» **WHAT YOU HAVE TO DO**: The stretch wanted below opens at the line containing "Дамско яке парка" and closes at the line containing "Discovering the Height". Please return it exactly, with no other lines.

» **DATA EXTRACT**:
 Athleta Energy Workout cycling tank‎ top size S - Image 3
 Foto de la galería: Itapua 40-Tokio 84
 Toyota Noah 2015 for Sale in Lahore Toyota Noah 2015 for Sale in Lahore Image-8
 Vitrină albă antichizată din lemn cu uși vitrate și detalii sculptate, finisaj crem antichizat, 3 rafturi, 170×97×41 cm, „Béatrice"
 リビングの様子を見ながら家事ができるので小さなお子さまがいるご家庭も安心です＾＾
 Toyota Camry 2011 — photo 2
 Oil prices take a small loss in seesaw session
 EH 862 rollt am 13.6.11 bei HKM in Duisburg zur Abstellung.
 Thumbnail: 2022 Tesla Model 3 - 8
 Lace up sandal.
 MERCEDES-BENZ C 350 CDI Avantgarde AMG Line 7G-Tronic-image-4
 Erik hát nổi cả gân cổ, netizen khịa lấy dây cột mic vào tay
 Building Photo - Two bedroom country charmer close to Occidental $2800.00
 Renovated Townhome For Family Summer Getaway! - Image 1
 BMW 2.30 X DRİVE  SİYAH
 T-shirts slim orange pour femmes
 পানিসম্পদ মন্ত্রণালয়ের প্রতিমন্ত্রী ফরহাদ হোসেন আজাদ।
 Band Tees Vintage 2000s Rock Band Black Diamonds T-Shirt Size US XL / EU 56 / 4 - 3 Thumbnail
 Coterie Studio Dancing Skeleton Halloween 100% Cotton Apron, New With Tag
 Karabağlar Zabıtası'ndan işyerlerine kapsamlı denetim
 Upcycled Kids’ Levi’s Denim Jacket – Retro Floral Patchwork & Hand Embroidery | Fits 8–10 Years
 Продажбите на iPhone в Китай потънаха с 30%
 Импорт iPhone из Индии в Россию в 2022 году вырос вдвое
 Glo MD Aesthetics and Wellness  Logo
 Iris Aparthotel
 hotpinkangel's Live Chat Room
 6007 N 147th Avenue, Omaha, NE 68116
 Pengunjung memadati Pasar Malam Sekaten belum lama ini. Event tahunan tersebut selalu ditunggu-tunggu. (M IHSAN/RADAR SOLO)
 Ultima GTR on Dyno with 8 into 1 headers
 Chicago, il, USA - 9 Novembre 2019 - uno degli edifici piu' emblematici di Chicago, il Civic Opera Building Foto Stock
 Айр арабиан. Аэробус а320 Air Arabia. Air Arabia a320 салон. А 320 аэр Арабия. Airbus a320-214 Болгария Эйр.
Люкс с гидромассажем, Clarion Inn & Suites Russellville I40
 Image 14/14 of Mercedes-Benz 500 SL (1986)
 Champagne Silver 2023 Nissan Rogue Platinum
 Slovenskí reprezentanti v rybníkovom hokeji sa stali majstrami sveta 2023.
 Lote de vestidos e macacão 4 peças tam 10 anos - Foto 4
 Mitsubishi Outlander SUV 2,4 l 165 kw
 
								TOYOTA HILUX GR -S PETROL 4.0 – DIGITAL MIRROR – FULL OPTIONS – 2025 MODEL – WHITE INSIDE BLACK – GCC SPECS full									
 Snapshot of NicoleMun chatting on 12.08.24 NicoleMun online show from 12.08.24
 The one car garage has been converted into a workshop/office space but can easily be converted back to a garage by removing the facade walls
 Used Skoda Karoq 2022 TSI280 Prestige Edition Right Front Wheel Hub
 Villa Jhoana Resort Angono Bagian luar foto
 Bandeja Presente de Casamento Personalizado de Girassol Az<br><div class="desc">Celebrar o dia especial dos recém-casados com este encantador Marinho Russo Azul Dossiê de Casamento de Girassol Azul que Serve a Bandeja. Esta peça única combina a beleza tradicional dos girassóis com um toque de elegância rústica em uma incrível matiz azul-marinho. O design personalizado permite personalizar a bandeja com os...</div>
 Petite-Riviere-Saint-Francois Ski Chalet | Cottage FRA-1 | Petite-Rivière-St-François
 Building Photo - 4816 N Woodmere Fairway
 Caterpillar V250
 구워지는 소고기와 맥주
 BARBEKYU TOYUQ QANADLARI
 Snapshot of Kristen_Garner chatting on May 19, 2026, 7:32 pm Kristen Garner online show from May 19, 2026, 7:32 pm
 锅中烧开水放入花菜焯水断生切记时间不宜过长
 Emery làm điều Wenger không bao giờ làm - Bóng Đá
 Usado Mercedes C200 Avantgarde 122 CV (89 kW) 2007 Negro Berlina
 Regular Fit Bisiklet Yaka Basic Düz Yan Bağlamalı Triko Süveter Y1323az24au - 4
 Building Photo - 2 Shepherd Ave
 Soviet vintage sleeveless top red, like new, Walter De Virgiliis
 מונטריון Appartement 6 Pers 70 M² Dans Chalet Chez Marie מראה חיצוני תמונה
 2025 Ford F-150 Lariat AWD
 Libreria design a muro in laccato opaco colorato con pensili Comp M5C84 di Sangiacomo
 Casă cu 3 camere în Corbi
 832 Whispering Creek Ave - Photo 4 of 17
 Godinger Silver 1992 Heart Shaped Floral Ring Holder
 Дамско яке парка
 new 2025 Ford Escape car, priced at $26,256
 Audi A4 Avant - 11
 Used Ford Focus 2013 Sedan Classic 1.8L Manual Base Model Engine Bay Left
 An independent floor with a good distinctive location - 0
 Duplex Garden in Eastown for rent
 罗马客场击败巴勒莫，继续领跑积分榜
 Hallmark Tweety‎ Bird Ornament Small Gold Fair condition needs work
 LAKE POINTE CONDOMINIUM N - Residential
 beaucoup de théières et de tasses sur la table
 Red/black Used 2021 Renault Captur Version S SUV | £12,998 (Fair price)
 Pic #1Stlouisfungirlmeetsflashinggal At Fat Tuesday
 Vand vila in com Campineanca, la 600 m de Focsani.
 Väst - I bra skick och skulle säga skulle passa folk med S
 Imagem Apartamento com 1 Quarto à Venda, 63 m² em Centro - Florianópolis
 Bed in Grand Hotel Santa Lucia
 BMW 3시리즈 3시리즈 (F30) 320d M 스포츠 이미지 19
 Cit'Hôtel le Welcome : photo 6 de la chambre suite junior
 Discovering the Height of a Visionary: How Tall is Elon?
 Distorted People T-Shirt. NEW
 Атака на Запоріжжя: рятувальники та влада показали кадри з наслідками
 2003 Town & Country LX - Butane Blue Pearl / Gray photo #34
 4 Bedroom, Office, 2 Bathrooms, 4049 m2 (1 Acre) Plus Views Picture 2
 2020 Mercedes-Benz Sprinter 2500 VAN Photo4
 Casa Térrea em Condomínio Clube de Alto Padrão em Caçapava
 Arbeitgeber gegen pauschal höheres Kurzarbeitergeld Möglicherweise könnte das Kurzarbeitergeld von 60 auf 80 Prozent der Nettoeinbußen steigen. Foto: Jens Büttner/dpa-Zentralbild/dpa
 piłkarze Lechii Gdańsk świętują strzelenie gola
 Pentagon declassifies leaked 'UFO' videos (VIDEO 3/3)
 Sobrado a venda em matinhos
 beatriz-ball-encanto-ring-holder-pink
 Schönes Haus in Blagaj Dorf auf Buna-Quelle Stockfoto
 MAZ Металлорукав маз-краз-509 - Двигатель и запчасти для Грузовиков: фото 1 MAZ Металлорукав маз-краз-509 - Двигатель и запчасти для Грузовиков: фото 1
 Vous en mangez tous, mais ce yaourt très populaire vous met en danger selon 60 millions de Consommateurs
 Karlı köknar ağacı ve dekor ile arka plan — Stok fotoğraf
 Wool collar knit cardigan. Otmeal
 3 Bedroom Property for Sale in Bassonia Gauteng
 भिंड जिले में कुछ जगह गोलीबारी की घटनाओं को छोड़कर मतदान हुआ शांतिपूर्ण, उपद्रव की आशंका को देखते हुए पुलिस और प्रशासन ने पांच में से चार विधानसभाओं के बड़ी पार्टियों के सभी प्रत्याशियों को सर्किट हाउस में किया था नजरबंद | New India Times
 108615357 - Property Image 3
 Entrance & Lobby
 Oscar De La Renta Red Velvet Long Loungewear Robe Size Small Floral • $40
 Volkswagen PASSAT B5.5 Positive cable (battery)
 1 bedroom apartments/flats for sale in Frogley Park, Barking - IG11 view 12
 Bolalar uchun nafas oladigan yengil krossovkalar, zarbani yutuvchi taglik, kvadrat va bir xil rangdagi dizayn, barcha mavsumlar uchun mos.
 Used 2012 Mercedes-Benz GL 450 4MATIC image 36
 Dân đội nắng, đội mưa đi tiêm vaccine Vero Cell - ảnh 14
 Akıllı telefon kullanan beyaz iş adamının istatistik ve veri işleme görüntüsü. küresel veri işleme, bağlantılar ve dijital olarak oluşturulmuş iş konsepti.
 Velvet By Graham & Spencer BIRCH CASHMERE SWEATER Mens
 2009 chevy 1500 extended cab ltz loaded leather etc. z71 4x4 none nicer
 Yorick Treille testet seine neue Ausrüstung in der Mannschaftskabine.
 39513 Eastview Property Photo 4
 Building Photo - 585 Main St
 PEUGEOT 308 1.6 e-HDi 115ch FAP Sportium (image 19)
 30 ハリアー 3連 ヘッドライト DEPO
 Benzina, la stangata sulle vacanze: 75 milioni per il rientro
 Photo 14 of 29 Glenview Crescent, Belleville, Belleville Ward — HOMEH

» **COMPLETED EXERCISE**:
 Дамско яке парка
 new 2025 Ford Escape car, priced at $26,256
 Audi A4 Avant - 11
 Used Ford Focus 2013 Sedan Classic 1.8L Manual Base Model Engine Bay Left
 An independent floor with a good distinctive location - 0
 Duplex Garden in Eastown for rent
 罗马客场击败巴勒莫，继续领跑积分榜
 Hallmark Tweety‎ Bird Ornament Small Gold Fair condition needs work
 LAKE POINTE CONDOMINIUM N - Residential
 beaucoup de théières et de tasses sur la table
 Red/black Used 2021 Renault Captur Version S SUV | £12,998 (Fair price)
 Pic #1Stlouisfungirlmeetsflashinggal At Fat Tuesday
 Vand vila in com Campineanca, la 600 m de Focsani.
 Väst - I bra skick och skulle säga skulle passa folk med S
 Imagem Apartamento com 1 Quarto à Venda, 63 m² em Centro - Florianópolis
 Bed in Grand Hotel Santa Lucia
 BMW 3시리즈 3시리즈 (F30) 320d M 스포츠 이미지 19
 Cit'Hôtel le Welcome : photo 6 de la chambre suite junior
 Discovering the Height of a Visionary: How Tall is Elon?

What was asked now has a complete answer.